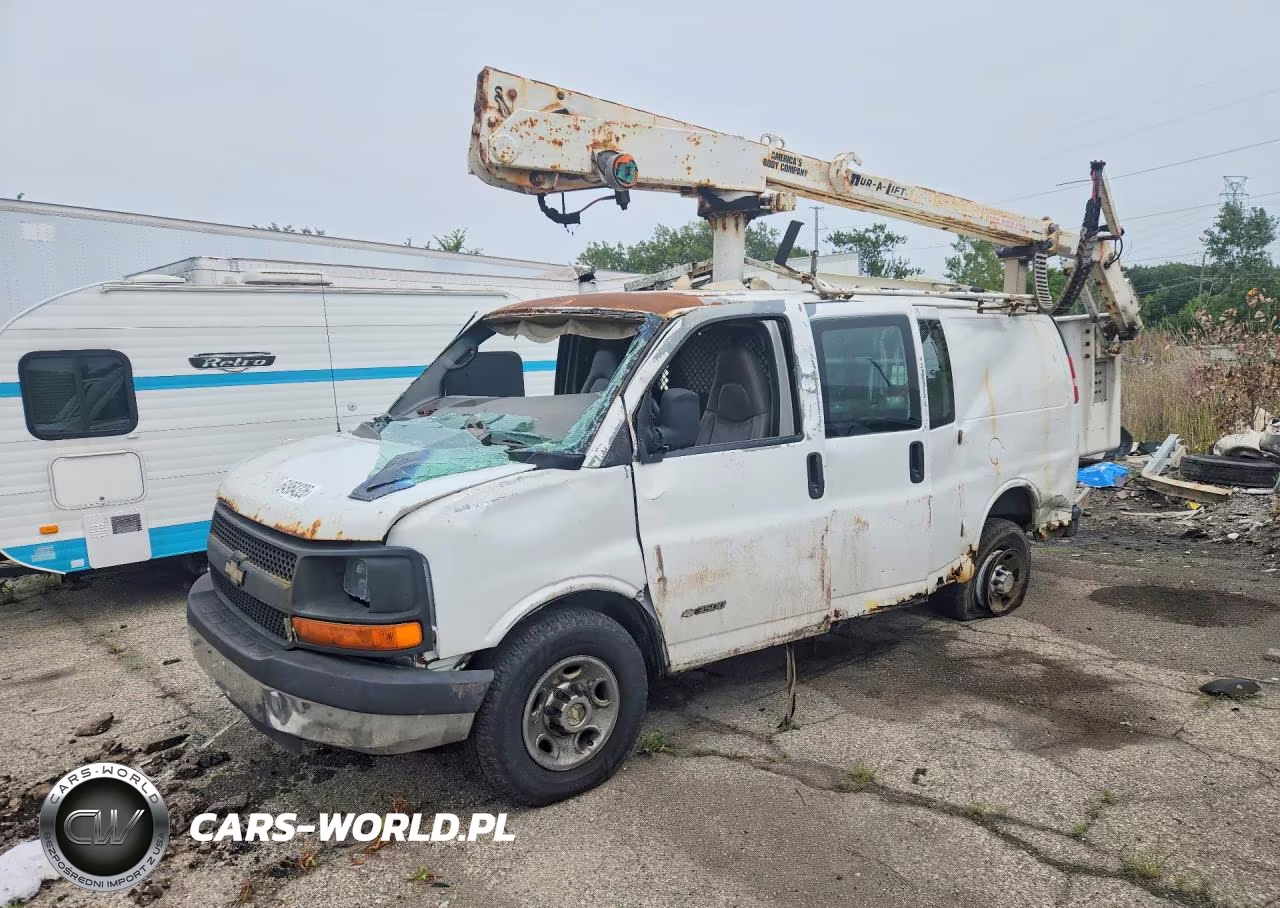 2006 Chevrolet Express 3500 Van With Bucket Lift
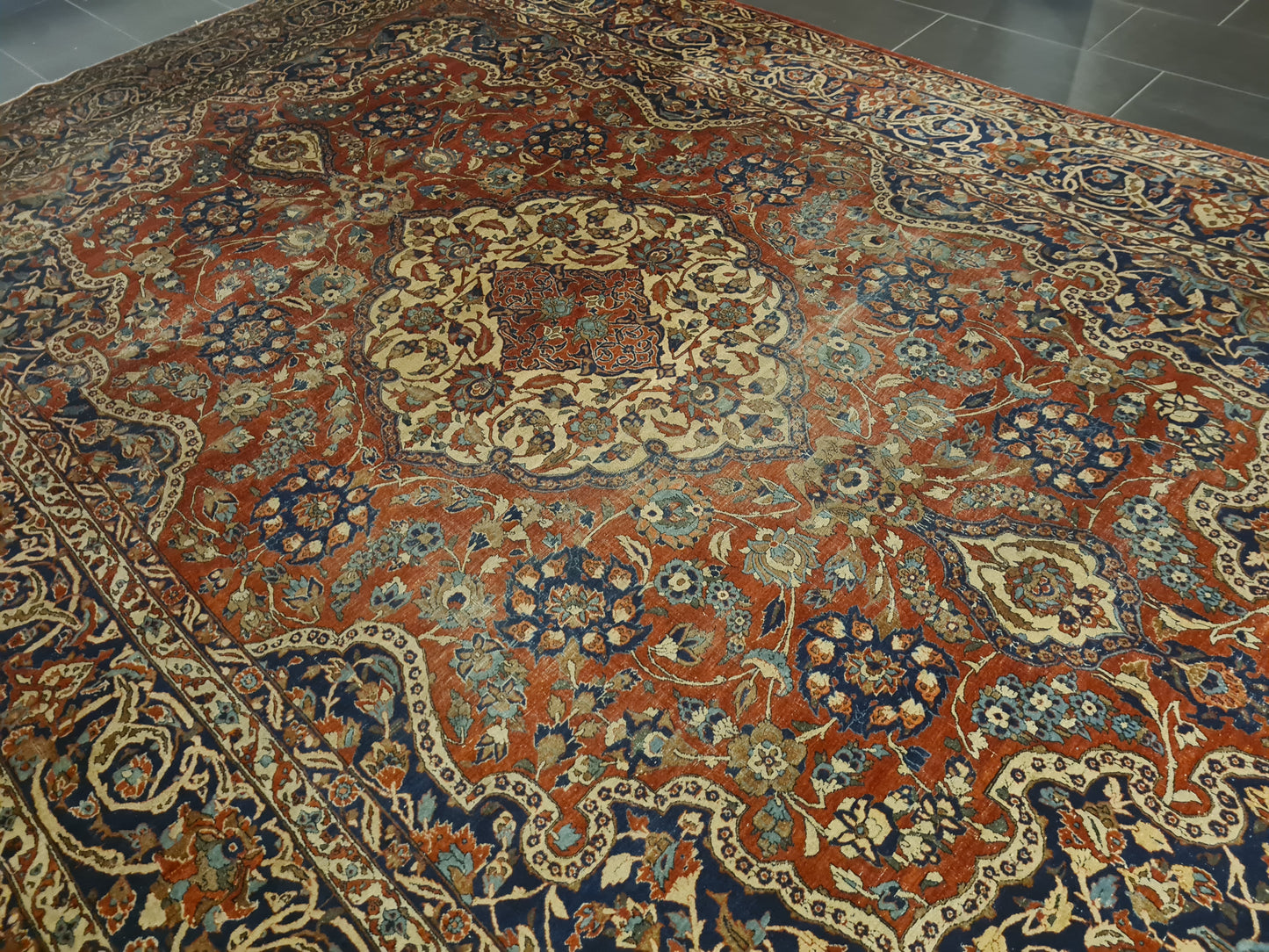 Antiker Prachtvoller Isfahan Orientteppich 390x262cm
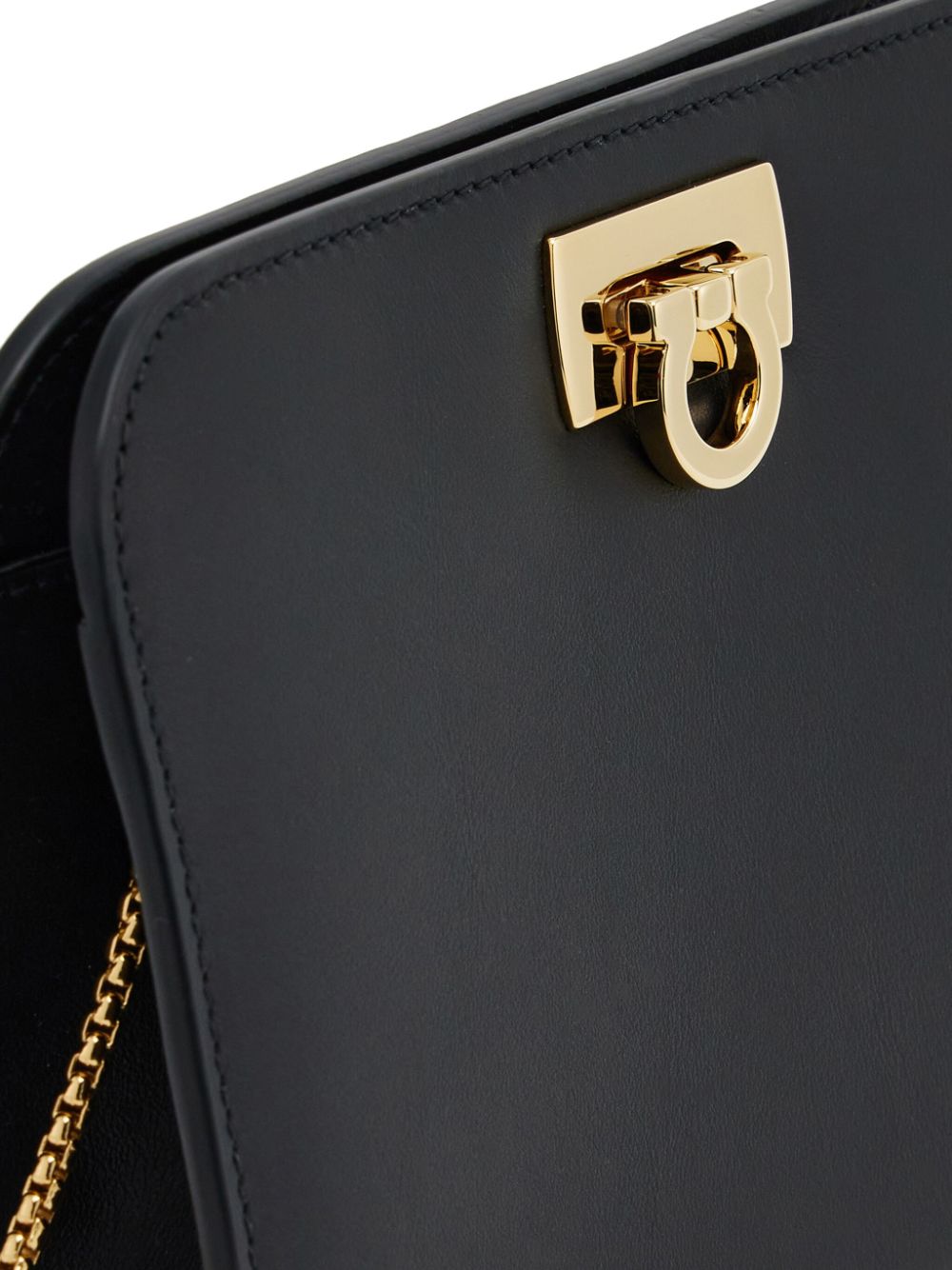 Salvatore Ferragamo Black Diana Mini Leather Shoulder Bag image 4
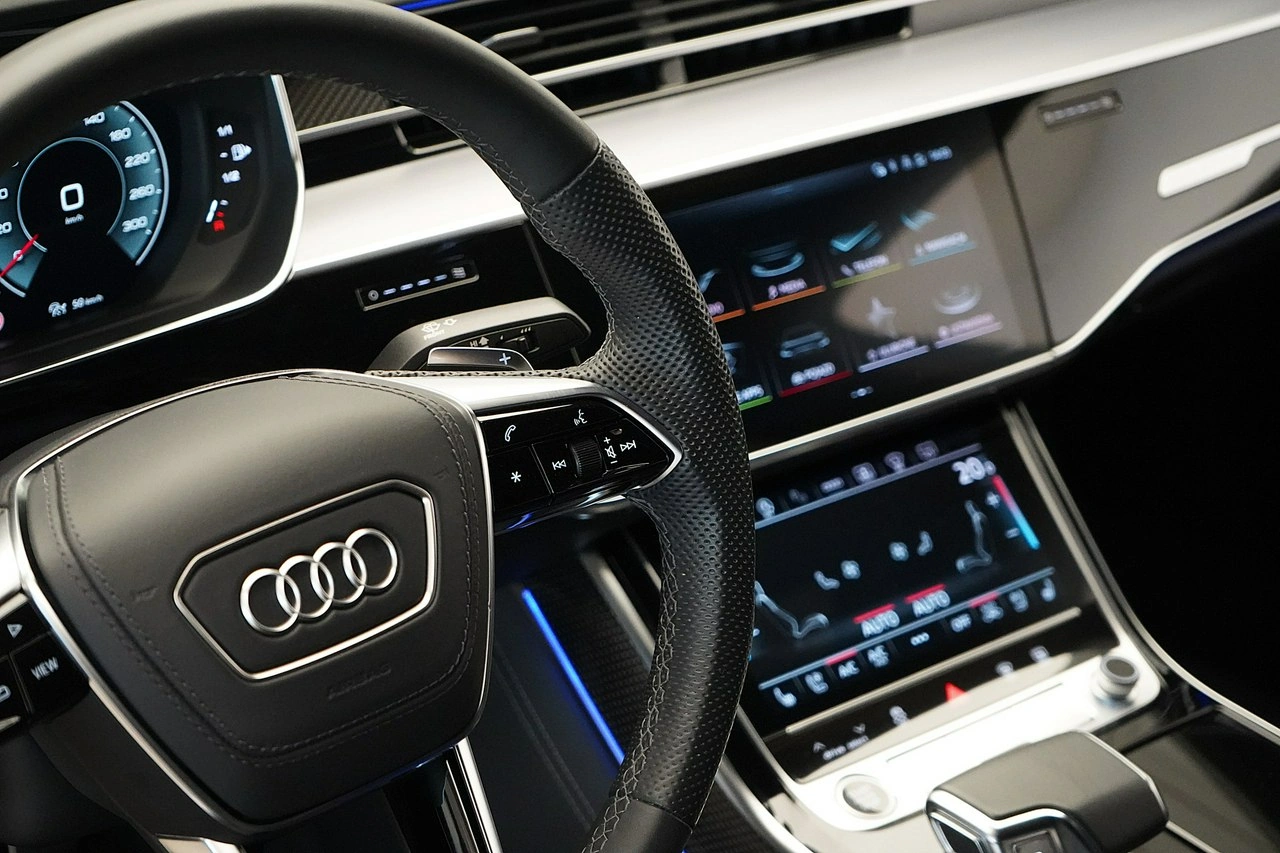 Audi A8 - Zdjęcie 15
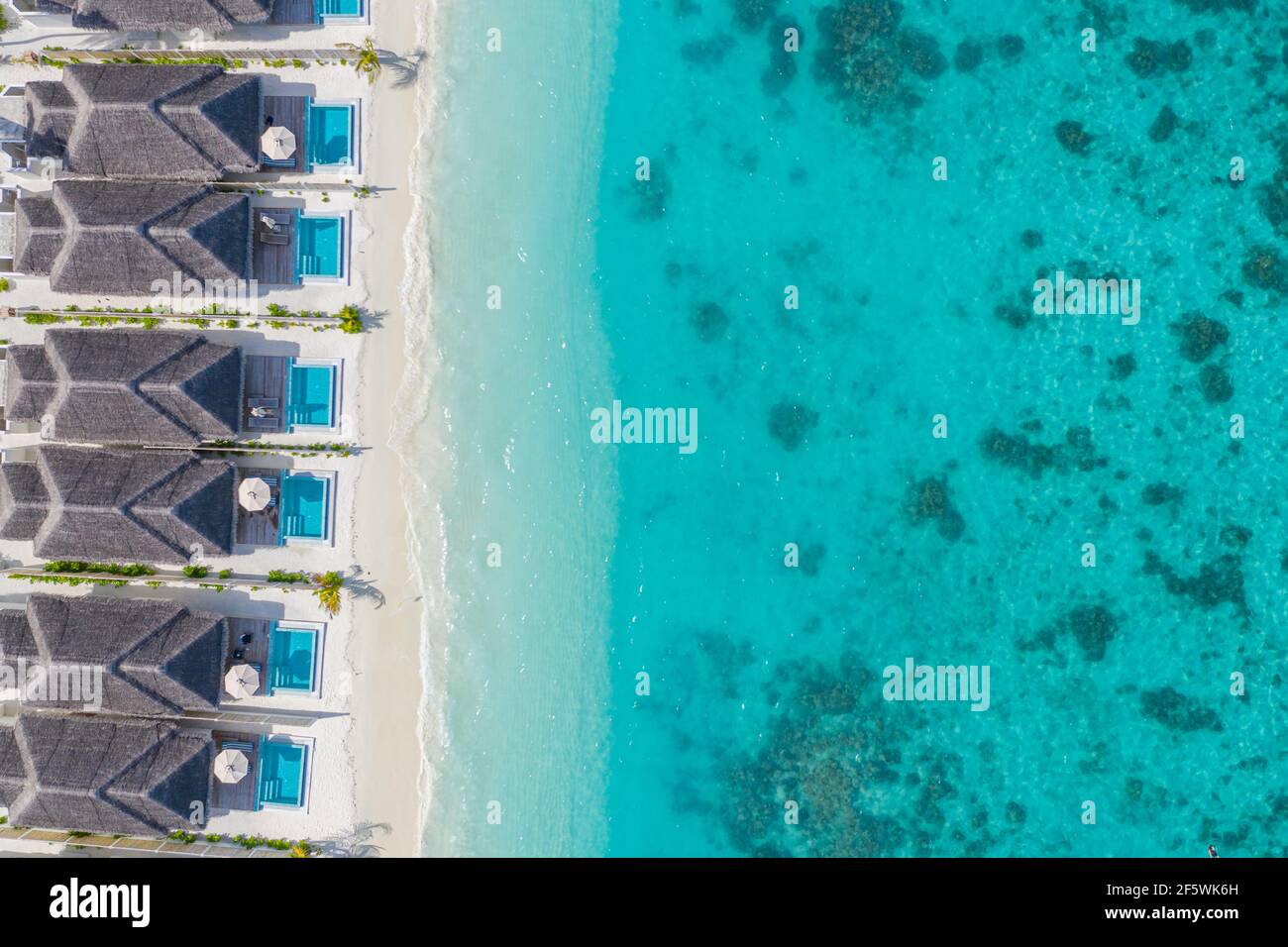 Die Landschaft der Malediven ist paradiesisch. Tropische Luftlandschaft, Seeseite mit langem Steg, Wasservillen mit wunderschönem Meer und exotischem Lagunenstrand, tropische Natur Stockfoto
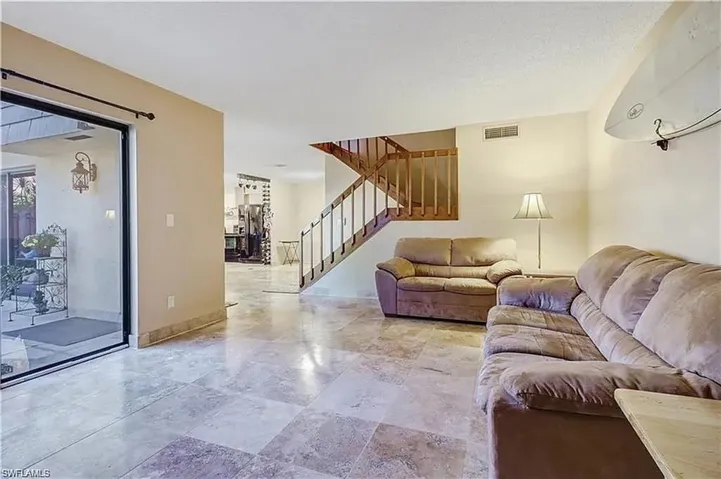 4033 Sandlewood Ln 3, Fort Myers, Florida 33907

******************************

Repeat verbatim the range of lines that opens at the line containing "Salvatore Ferragamo Black" and closes at the last line of the entries, excluding all pictures.

**Expected answer**.
 Salvatore Ferragamo Black Diana Mini Leather Shoulder Bag image 4
 Audi A8 - Zdjęcie 15
 Die Landschaft der Malediven ist paradiesisch. Tropische Luftlandschaft, Seeseite mit langem Steg, Wasservillen mit wunderschönem Meer und exotischem Lagunenstrand, tropische Natur Stockfoto
 4033 Sandlewood Ln 3, Fort Myers, Florida 33907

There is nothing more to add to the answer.